Task details: Only the lines from the start of the data through the line with "Appartement 5Min Aeroport" belong in the copy. Restate them word for word, minus the pictures.

Task input:
== Segment start ==
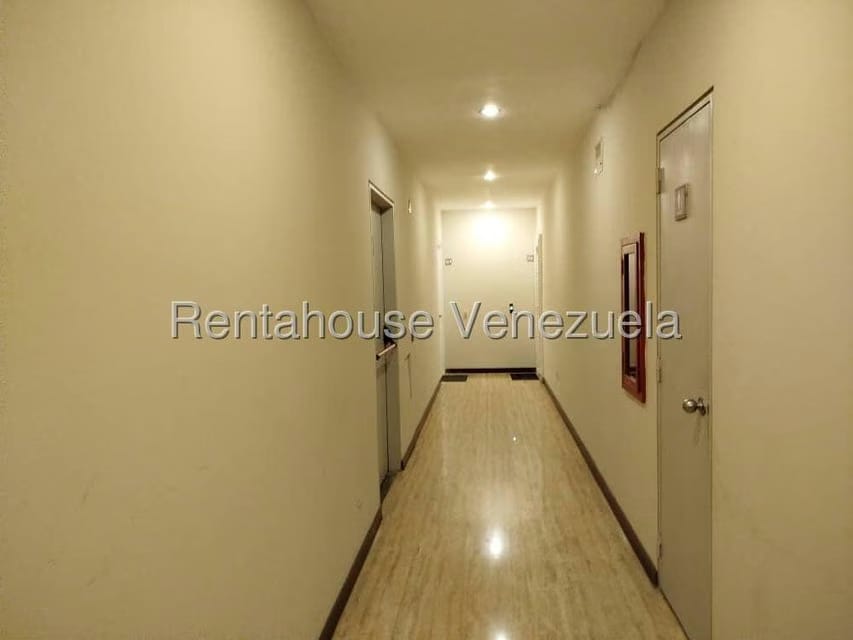 Apartamento (1 Nivel) en Alquiler en Las Mercedes, Distrito Metropolitano - 9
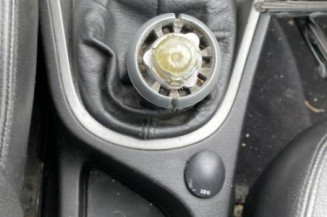 Vitre avant droit PEUGEOT 307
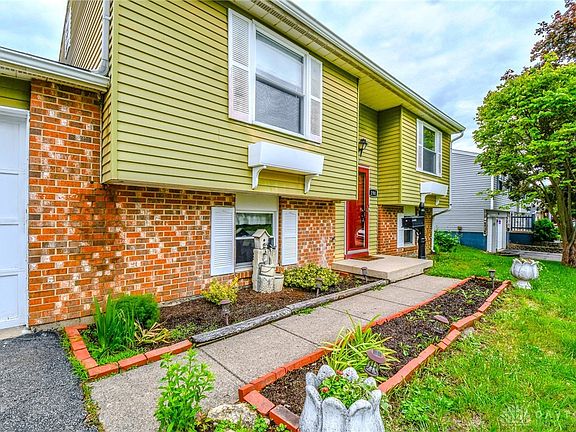 2nd image of 190 Woburn Farm Cir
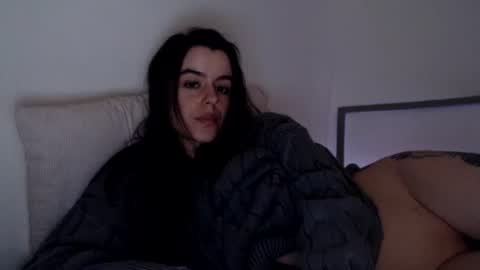 luana online show from December 2024 01:25:01 AM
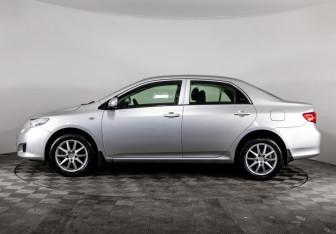 Подержанный автомобиль Toyota Corolla Sedan 2008 года (33 фото)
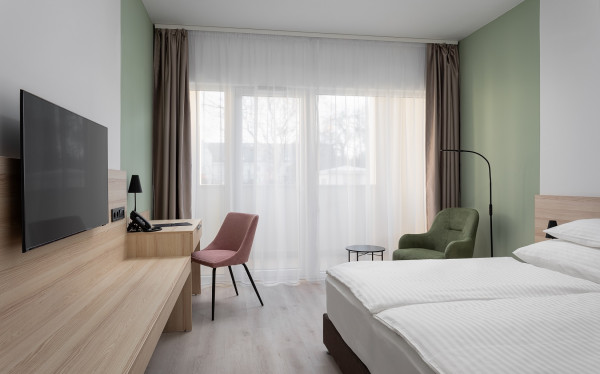 Hunguest Hotel Flóra, Dvojlôžková izba Standard na prízemí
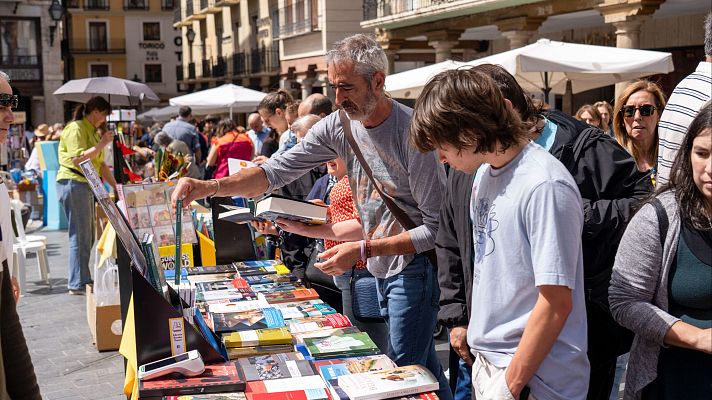 Noticias Aragón - Libros a las calles y muchas flores en el Día del Libro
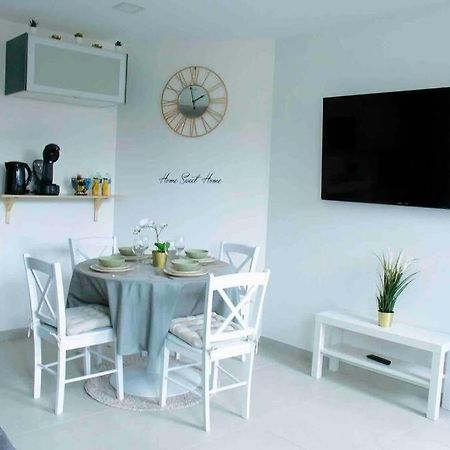Appartement 5Min Aeroport Cdg Ле Мени-Амело Екстериор снимка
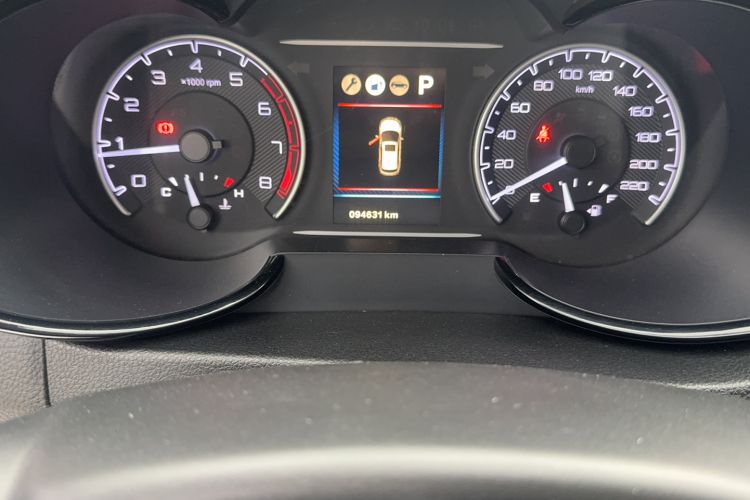 Used Dongfeng Aeolus AX7 2016 2.0L Automatic Zhiyi Trim Odometer Close Up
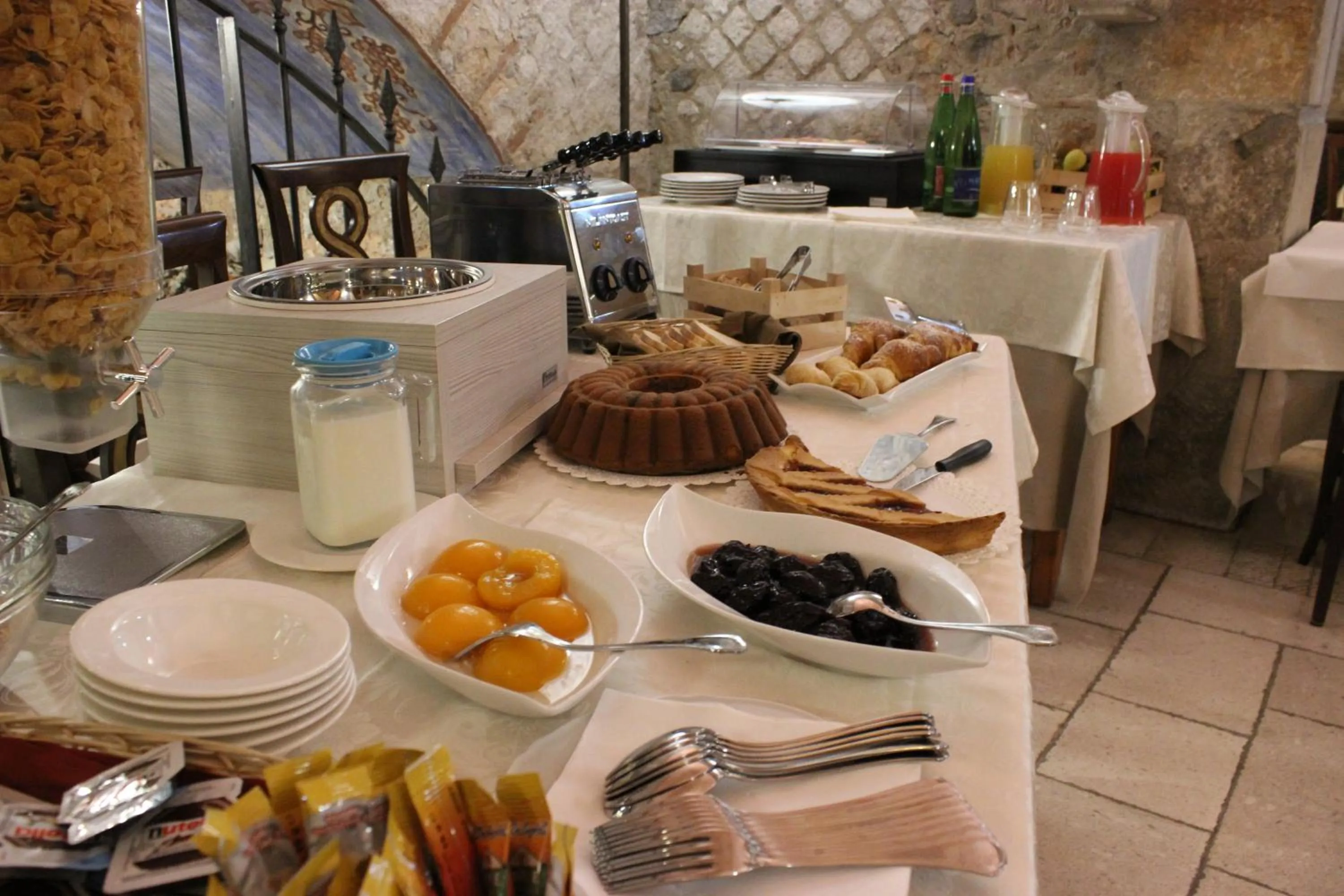 Buffet breakfast in Villa Cosilinum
== Segment end ==
Output:
 Apartamento (1 Nivel) en Alquiler en Las Mercedes, Distrito Metropolitano - 9
 Vitre avant droit PEUGEOT 307
 2nd image of 190 Woburn Farm Cir
 luana online show from December 2024 01:25:01 AM
 Подержанный автомобиль Toyota Corolla Sedan 2008 года (33 фото)
 Hunguest Hotel Flóra, Dvojlôžková izba Standard na prízemí
 Noticias Aragón - Libros a las calles y muchas flores en el Día del Libro
Appartement 5Min Aeroport Cdg Ле Мени-Амело Екстериор снимка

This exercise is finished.